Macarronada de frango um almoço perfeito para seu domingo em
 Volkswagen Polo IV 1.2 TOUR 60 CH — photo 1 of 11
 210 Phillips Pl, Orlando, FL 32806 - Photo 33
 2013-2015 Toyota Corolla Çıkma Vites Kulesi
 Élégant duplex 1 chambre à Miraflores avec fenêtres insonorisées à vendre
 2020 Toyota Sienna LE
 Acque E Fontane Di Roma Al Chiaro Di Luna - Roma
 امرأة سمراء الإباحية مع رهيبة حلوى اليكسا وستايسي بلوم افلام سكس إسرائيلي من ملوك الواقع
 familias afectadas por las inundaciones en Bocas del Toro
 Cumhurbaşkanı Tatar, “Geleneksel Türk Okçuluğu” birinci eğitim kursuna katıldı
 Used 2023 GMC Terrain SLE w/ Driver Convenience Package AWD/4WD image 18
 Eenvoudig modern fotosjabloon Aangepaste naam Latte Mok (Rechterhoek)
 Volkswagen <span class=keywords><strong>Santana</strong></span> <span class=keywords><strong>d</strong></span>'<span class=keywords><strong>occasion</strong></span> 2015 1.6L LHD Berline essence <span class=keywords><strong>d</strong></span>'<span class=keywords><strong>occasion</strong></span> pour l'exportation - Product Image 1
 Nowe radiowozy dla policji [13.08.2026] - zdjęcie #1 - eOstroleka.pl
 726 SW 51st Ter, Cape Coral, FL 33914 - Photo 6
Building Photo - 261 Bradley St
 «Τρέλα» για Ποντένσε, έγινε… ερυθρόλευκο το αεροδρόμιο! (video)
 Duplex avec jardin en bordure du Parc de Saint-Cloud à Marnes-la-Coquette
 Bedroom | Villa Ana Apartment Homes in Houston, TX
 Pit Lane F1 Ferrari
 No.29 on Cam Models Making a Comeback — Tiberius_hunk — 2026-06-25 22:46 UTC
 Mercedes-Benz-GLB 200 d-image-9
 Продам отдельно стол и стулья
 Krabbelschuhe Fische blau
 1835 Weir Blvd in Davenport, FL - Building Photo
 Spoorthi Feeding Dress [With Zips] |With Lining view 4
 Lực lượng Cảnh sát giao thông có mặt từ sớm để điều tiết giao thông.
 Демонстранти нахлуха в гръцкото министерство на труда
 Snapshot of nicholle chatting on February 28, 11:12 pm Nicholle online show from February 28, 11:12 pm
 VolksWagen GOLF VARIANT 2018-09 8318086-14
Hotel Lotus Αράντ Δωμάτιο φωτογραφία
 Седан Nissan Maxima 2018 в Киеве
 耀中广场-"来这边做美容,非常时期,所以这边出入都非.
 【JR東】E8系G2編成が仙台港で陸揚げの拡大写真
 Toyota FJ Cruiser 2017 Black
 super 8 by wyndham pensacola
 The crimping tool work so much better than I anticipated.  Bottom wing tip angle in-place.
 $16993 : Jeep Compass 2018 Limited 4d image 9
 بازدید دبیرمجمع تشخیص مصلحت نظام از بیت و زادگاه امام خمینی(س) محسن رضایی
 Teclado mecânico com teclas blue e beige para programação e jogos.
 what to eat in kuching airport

ASSIGNMENT -> I'd like an exact copy of the lines above, from the very first one through the line that contains "Building Photo - 261 Bradley St", with nothing else added.

FINISHED TASK ->
Macarronada de frango um almoço perfeito para seu domingo em
 Volkswagen Polo IV 1.2 TOUR 60 CH — photo 1 of 11
 210 Phillips Pl, Orlando, FL 32806 - Photo 33
 2013-2015 Toyota Corolla Çıkma Vites Kulesi
 Élégant duplex 1 chambre à Miraflores avec fenêtres insonorisées à vendre
 2020 Toyota Sienna LE
 Acque E Fontane Di Roma Al Chiaro Di Luna - Roma
 امرأة سمراء الإباحية مع رهيبة حلوى اليكسا وستايسي بلوم افلام سكس إسرائيلي من ملوك الواقع
 familias afectadas por las inundaciones en Bocas del Toro
 Cumhurbaşkanı Tatar, “Geleneksel Türk Okçuluğu” birinci eğitim kursuna katıldı
 Used 2023 GMC Terrain SLE w/ Driver Convenience Package AWD/4WD image 18
 Eenvoudig modern fotosjabloon Aangepaste naam Latte Mok (Rechterhoek)
 Volkswagen <span class=keywords><strong>Santana</strong></span> <span class=keywords><strong>d</strong></span>'<span class=keywords><strong>occasion</strong></span> 2015 1.6L LHD Berline essence <span class=keywords><strong>d</strong></span>'<span class=keywords><strong>occasion</strong></span> pour l'exportation - Product Image 1
 Nowe radiowozy dla policji [13.08.2026] - zdjęcie #1 - eOstroleka.pl
 726 SW 51st Ter, Cape Coral, FL 33914 - Photo 6
Building Photo - 261 Bradley St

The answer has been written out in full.